Hacker News new | ask | show | jobs
by asicsp 1836 days ago
>In most Unix utilities, “long lines are silently truncated”. This is not acceptable in a GNU utility.

Would be interested to know examples for this.

4 comments

Old versions of sort: http://man.cat-v.org/unix_7th/1/sort

Unix utilities in the old days weren't all that great. One example I've posted about here before is how mv would refuse to move files across filesystem boundaries (because it's not a 'move', it's a 'copy and delete', so you had to use cp and rm instead).

Thanks.

>BUGS Very long lines are silently truncated.

And didn't know that about `mv`, good to know.

It is a good practice to use cp + (verify) + rm instead of mv. Especially when the data is important.
or rsync --remove-source-files
mv doesn’t do that anymore. Is there any reason to use cp and rm instead of mv today?
paranoia... you could do cp + diff md5/sha1sum src/dst + rm
Just a few weeks ago, I fixed a problem in an internal tool (that still also runs on an ancient Solaris 10 box) by switching from `awk` to `gawk`, since the former would briefly whine on stderr and quit whenever a line in its input would contain too many fields. A recent change had managed to break that undocumented barrier.
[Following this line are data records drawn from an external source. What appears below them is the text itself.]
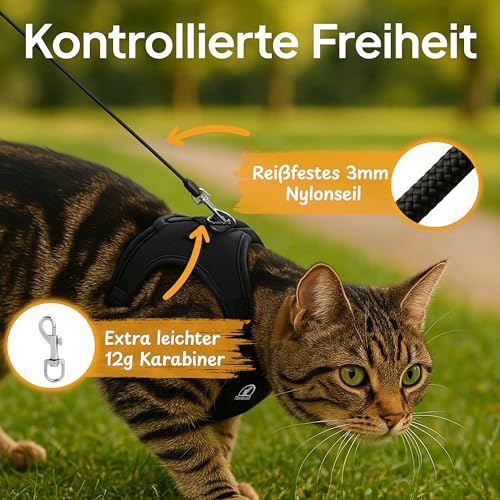 Tierhood Rollleine 3/5m für Katzen und Kleine Hunde - Leicht - Welpen bis 8kg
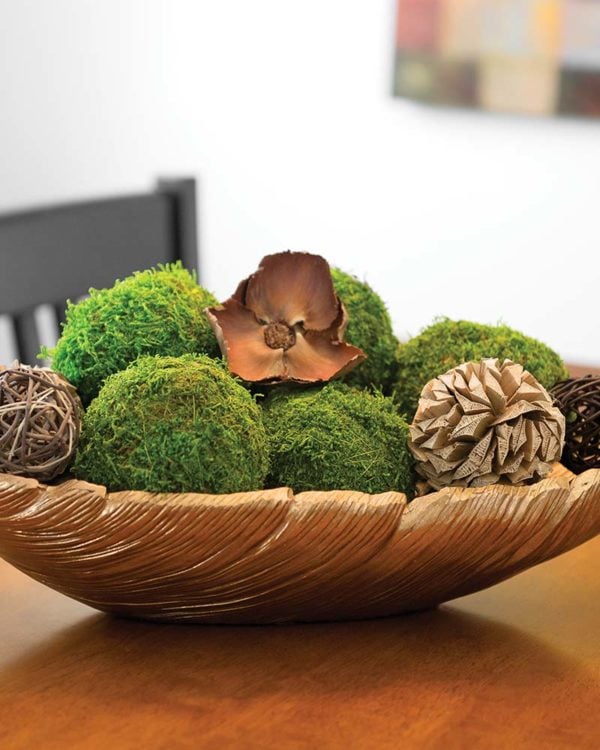 Sustainably Harvested Assorted Crafting Moss Balls & Lichens –  DyBeeApothecary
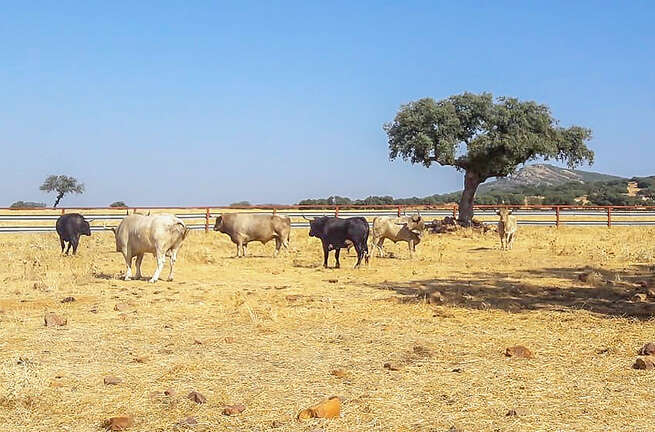 El Ayuntamiento de Brazatortas otorga ayudas directas a las ganaderías de bravo afincadas en el municipio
In this case there's at least no silent breakage involved, but the badly written shell script that called it did not bother to check for that condition, and a fair number of heads were scratched for a while as a consequence.

Yep. When we did Solaris installs GNU coreutils and friends were high on the list. Incidentally nice to see sunfreeware.com is still going!
Some current vendor versions of awk have astonishingly short line length limitations. See e.g. (especially the latter):

https://github.com/samtools/samtools/pull/1165 https://github.com/samtools/htscodecs/pull/22

which work around limitations in the default system awk on Solaris/OpenIndiana/whatever the remnants of SunOS are called these days…

The whole paragraph:

> Avoid arbitrary limits on the length or number of any data structure, including file names, lines, files, and symbols, by allocating all data structures dynamically. In most Unix utilities, “long lines are silently truncated”. This is not acceptable in a GNU utility.
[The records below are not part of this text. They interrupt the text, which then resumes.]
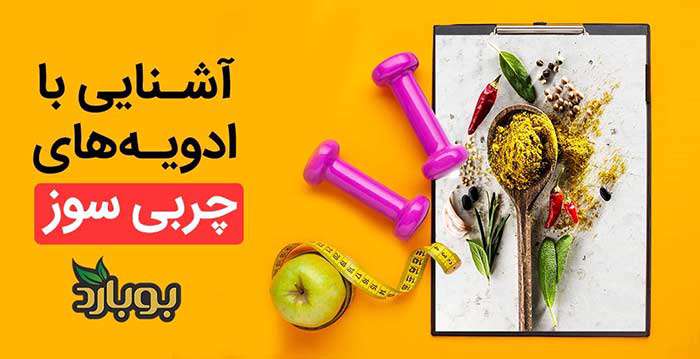 معرفی ادویه جاتی که باعث لاغری می شوند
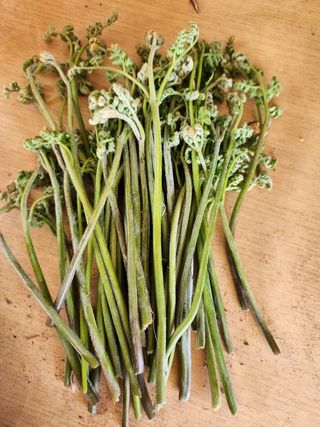 임태빈탑정호주말농장님의 기타작물 · 자유게시판 작성글 사진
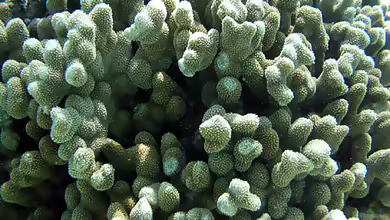 Porites annae im Aquarium halten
... goes against MISRA C, which certainly is preferable in the domain I work, embedded systems - because dynamic allocations all over the place are a recipe for CVEs.

GNU is about making software for the end-user, that's the opposite of what MISRA is about
https://www.cvedetails.com/vulnerability-list/vendor_id-72/G...

A significant number of these CVEs are related to dynamic memory allocation (double-free, use-after-free).

Probably not all are the result of that piece of advice and probably some of those memory allocations were necessary, but since this class of errors is common in C/C++, I believe it is really not a good idea to encourage people to point the gun right to their feet.

On a side note, please explain to me how this is end-user oriented in a system where the convention is that a program ends silently when everything went smoothly:

> In error checks that detect “impossible” conditions, just abort. There is usually no point in printing any message [...] Explain the problem with comments in the source.

if everything went smoothly likely the program had some useful output (e.g. grep, awk, sed). If it failed then I'd just run `coredumpctl gdb` ? (and ... abort isn't silent ? here's what I get if something aborts here: https://imgur.com/a/69eF73w)